Allora bisogna partire da quello che è successo il 2 giugno 1946: gli italiani, le donne e gli uomini, archiviano la monarchia e scelgono la repubblica e la democrazia. Dopo secoli di guerre fratricide tra città e tra stati fratelli; dopo secoli di dominio straniero al punto da rassegnarsi al detto popolare “Francia o Spagna purché se magna”; dopo il raggiungimento dell’unità nazionale umiliata ad allargamento del dominio di Casa Savoia, il popolo italiano si conquista la “propria” sovranità che la “esercita nelle forme e nei limiti della Costituzione”.

A questo punto si pone il problema di stabilire il modo in cui il popolo esercita la propria sovranità. Uno dei momenti più importanti, anche se non l’unico, è l’elezione del Parlamento quando il popolo affida a deputati e senatori la propria sovranità, sia pure per un periodo limitato. Il problema diventa quello di stabilire quale sia il sistema elettorale più adatto a raccogliere e interpretare la sovranità popolare. Non esiste il sistema elettorale perfetto, così pure ogni sistema elettorale risponde alle esigenze di una determinata fase storica. Non è incoerente Sturzo quando negli anni Venti del Novecento lotta per il proporzionale e nel secondo Dopoguerra esalta l’uninominale.

Il sistema elettorale è il cuore del sistema democratico, come il motore è il cuore di un’automobile. Basti pensare alla bocciatura della proposta di De Gasperi di introdurre un timido premio di maggioranza, proposta che avrebbe senza dubbio prevenuto tanti problemi successivi dell’instabilità delle maggioranze, ma nel 1953 il peso dell’eredità fascista era troppo forte, anche psicologicamente, per non intravedere lo spauracchio del governo forte.

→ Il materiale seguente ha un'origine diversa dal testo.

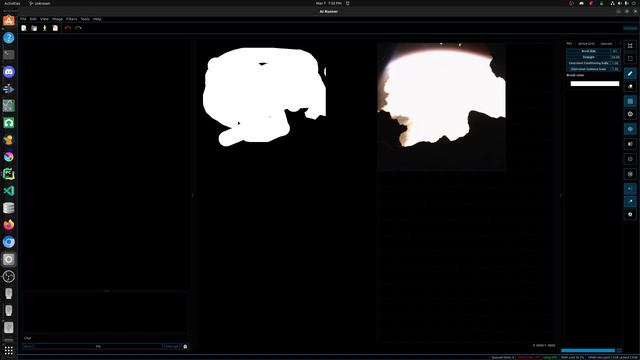 AI Runner Dev Update: Text-to-Speech, LLM and Stable Diffusion interruptions смотреть онлайн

Il sistema elettorale non è un meccanismo neutrale: il sistema elettorale si basa sull’idea di Stato che si intende perseguire. In questa fase storica il movimento cattolico nelle sue diverse articolazioni politica, sociale, economica, del volontariato, dell’impresa e della cultura, deve perseguire l’obiettivo di colmare quei “vuoti di democrazia” denunciati da don Ciotti. Perché nella società i vuoti non restano mai vuoti: c’è sempre qualcuno che li occupa. Ecco perché Politica insieme può dare un senso alla propria storia. E a quella del nostro Paese.